● YOUR TASK: Leave the pictures out and restate each entry below word for word.

● MATERIAL SHOWN:
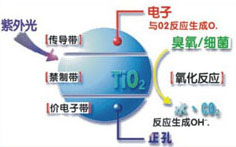 &#20061;&#28216;&#23448;&#26041;&#31449;&#32593;&#39029;&#29256;&#45;&#20061;&#28216;&#40;&#20013;&#22269;&#41;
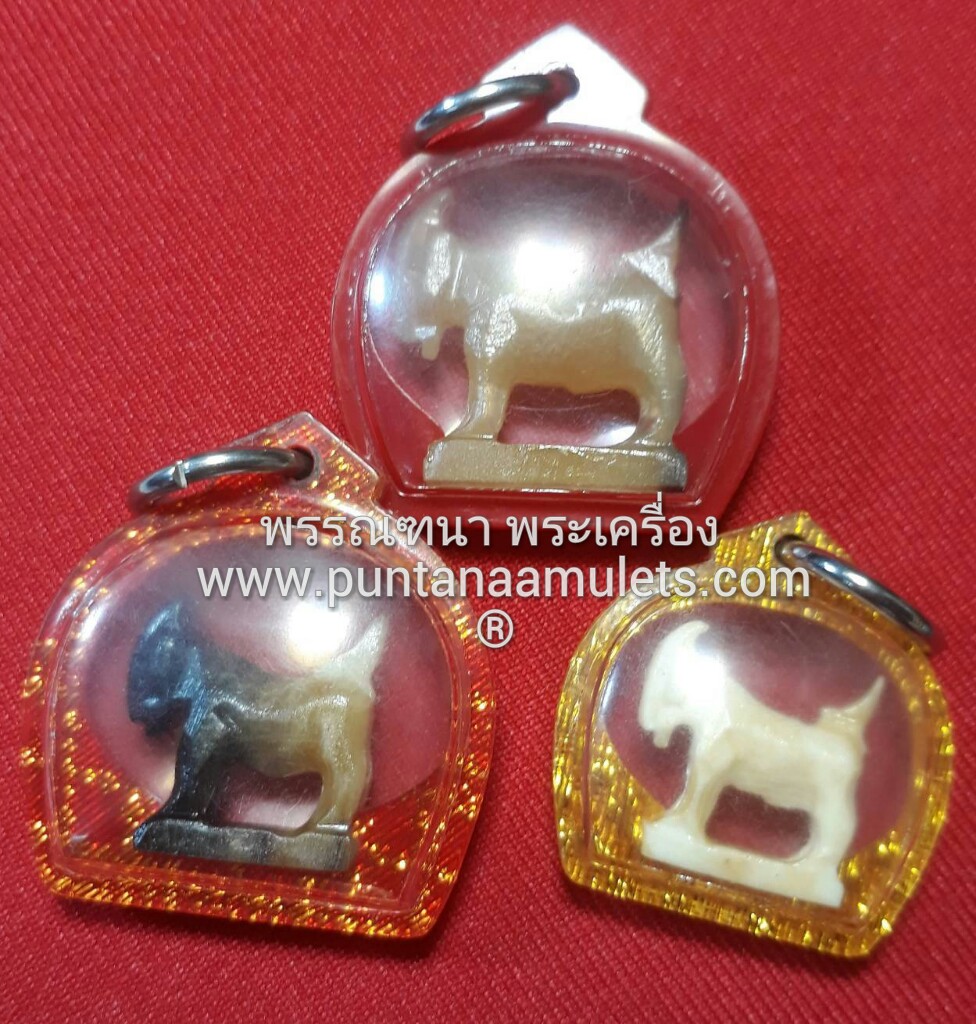 แพะมหาเสน่ห์-มหาโภคทรัพย์ เนื้อเขาควายเผือก สีน้ำผึ้ง "ตัวผู้" หลวงพ่อสิน วัดละหารใหญ่ จ.ระยอง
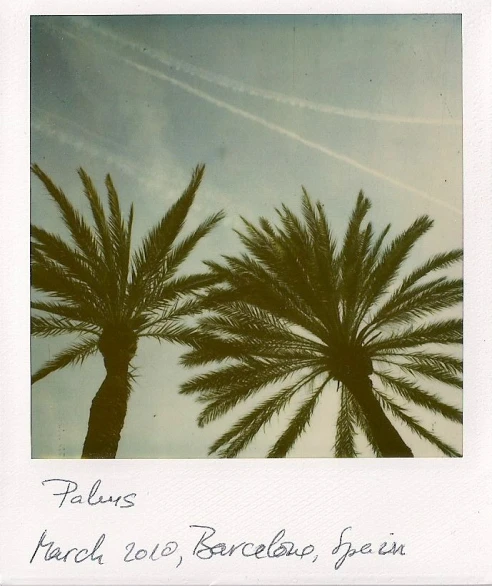 two palm trees are near the airplane trails
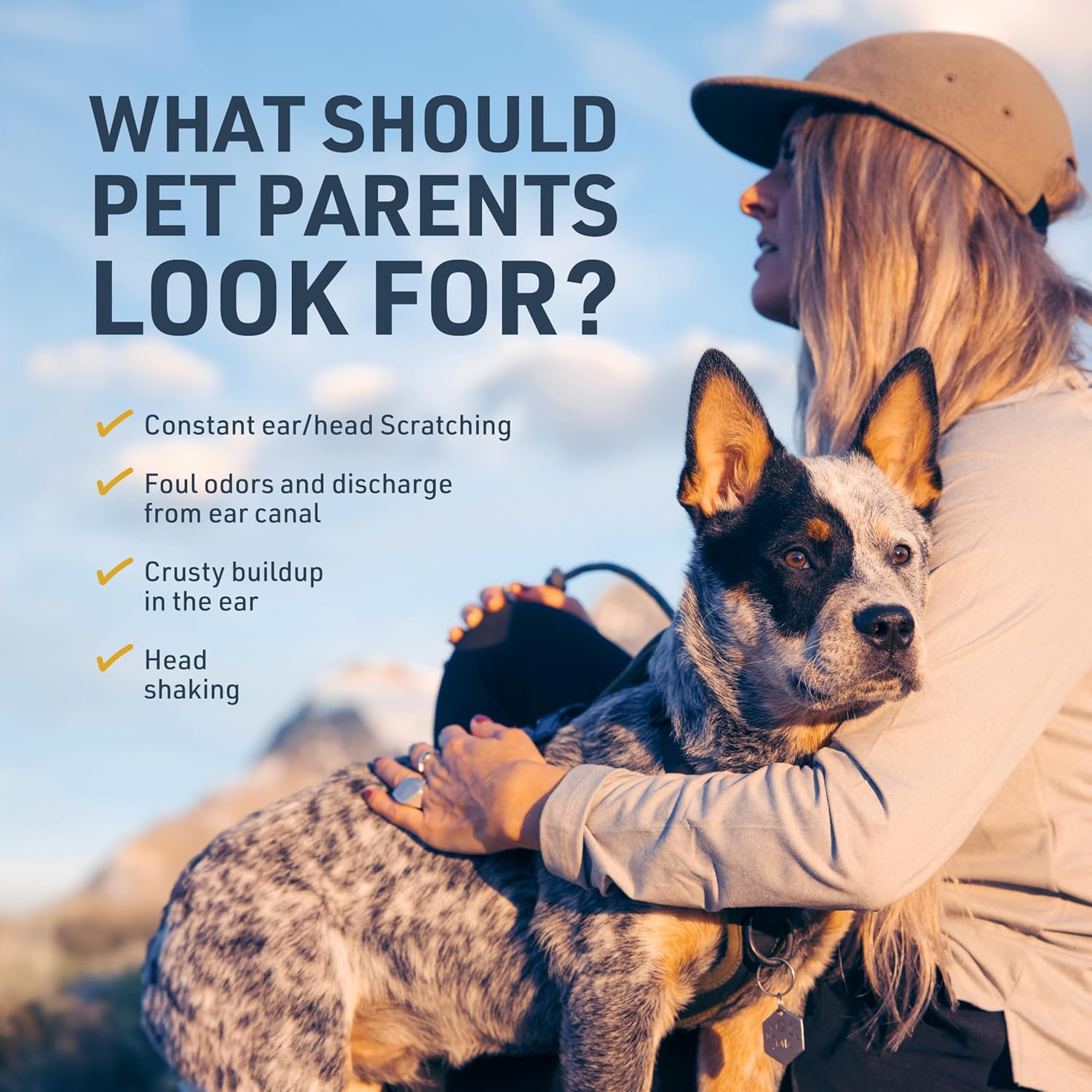 Veterinary Formula Clinical Care Ear Therapy Wipes, 100ct – Cat and Dog Ear Cleaner – Help Relieve Itchy Ears Quickly & Effectively Remove Dirt, Debris, and Foul Odor - Image 5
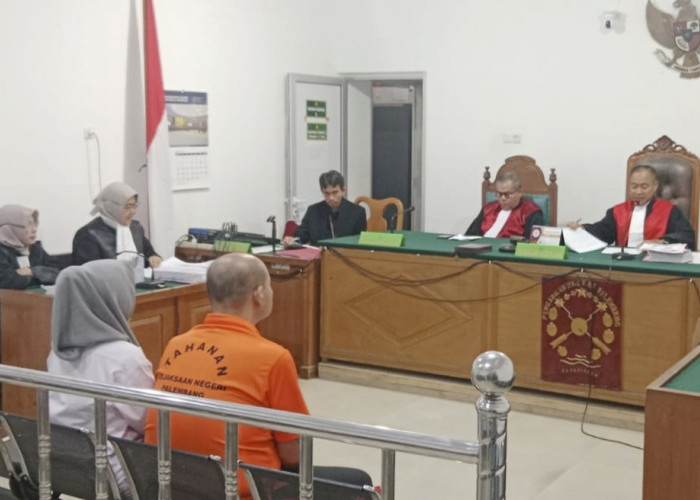 Live TikTok Adu Cupang Jadi Ajang Taruhan, Pasutri di Palembang Duduk di Kursi Pesakitan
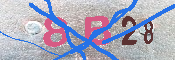 キャプチャ画像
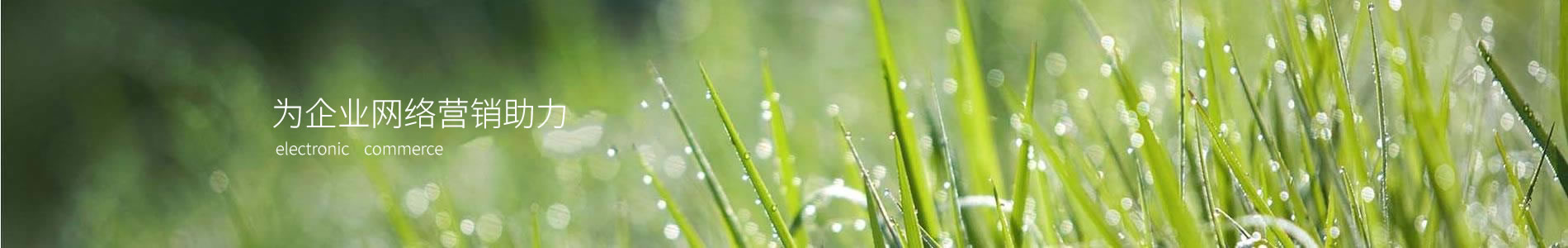 оԵƼ޹˾
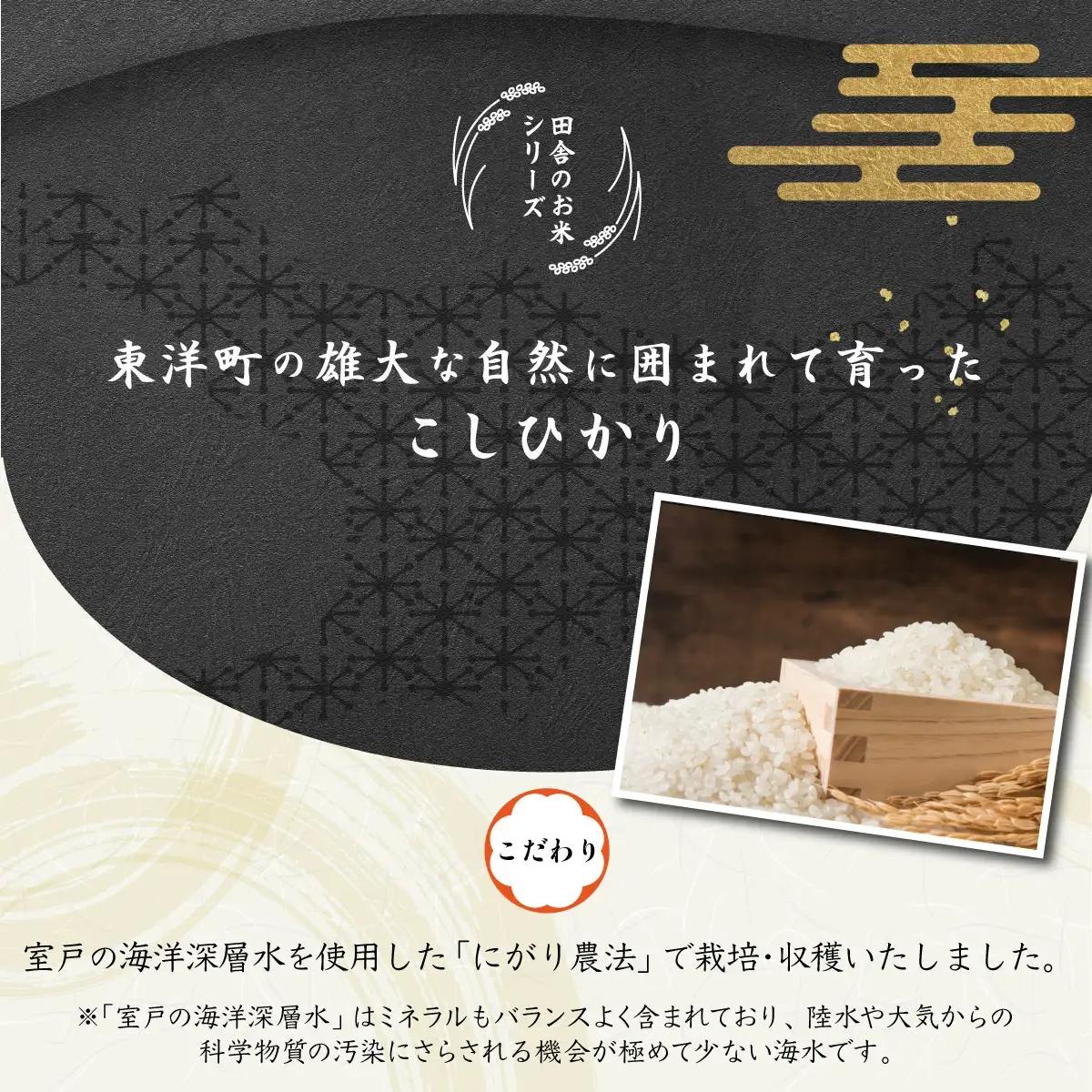 ＜2026年8月発送＞令和8年産コシヒカリ 20kg【S248】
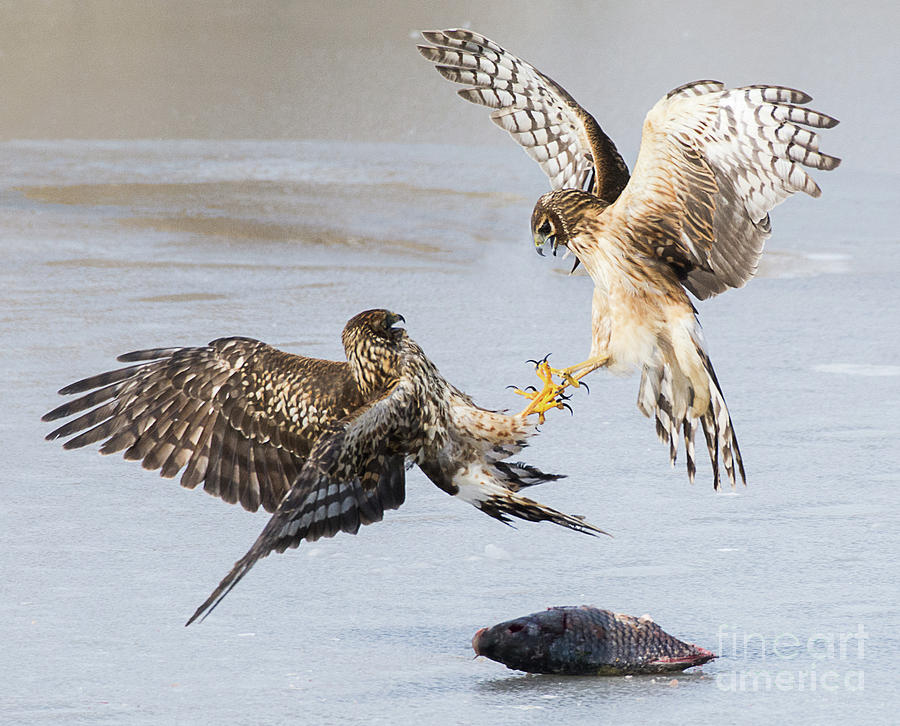 Northern Harriers in Dispute Photograph by Dennis Hammer
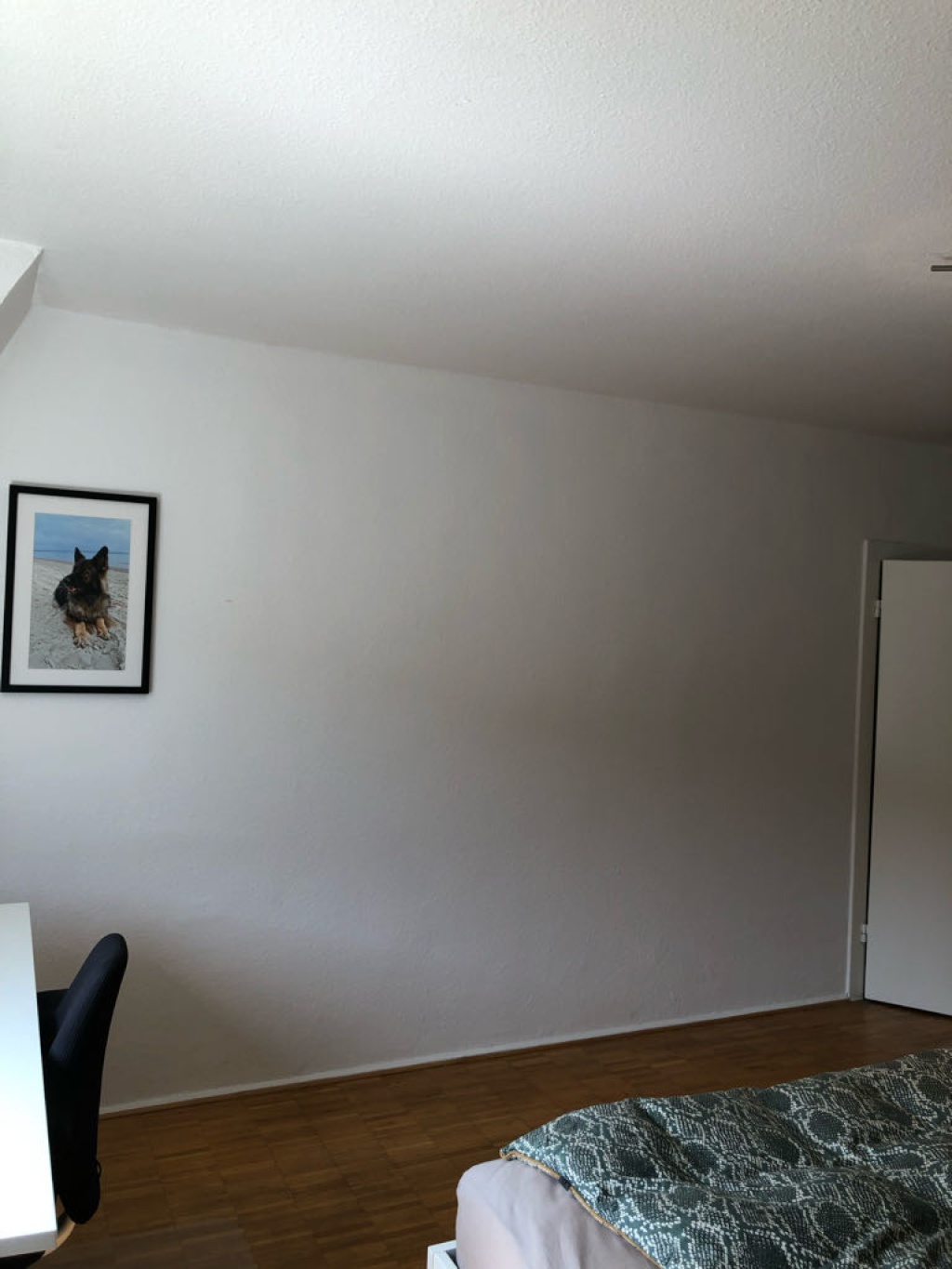 Flatshare Centrum Kettelerstraße - picture 16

● PROBLEM SOLUTION:
 &#20061;&#28216;&#23448;&#26041;&#31449;&#32593;&#39029;&#29256;&#45;&#20061;&#28216;&#40;&#20013;&#22269;&#41;
 แพะมหาเสน่ห์-มหาโภคทรัพย์ เนื้อเขาควายเผือก สีน้ำผึ้ง "ตัวผู้" หลวงพ่อสิน วัดละหารใหญ่ จ.ระยอง
 two palm trees are near the airplane trails
 Veterinary Formula Clinical Care Ear Therapy Wipes, 100ct – Cat and Dog Ear Cleaner – Help Relieve Itchy Ears Quickly & Effectively Remove Dirt, Debris, and Foul Odor - Image 5
 Live TikTok Adu Cupang Jadi Ajang Taruhan, Pasutri di Palembang Duduk di Kursi Pesakitan
 キャプチャ画像
 оԵƼ޹˾
 ＜2026年8月発送＞令和8年産コシヒカリ 20kg【S248】
 Northern Harriers in Dispute Photograph by Dennis Hammer
 Flatshare Centrum Kettelerstraße - picture 16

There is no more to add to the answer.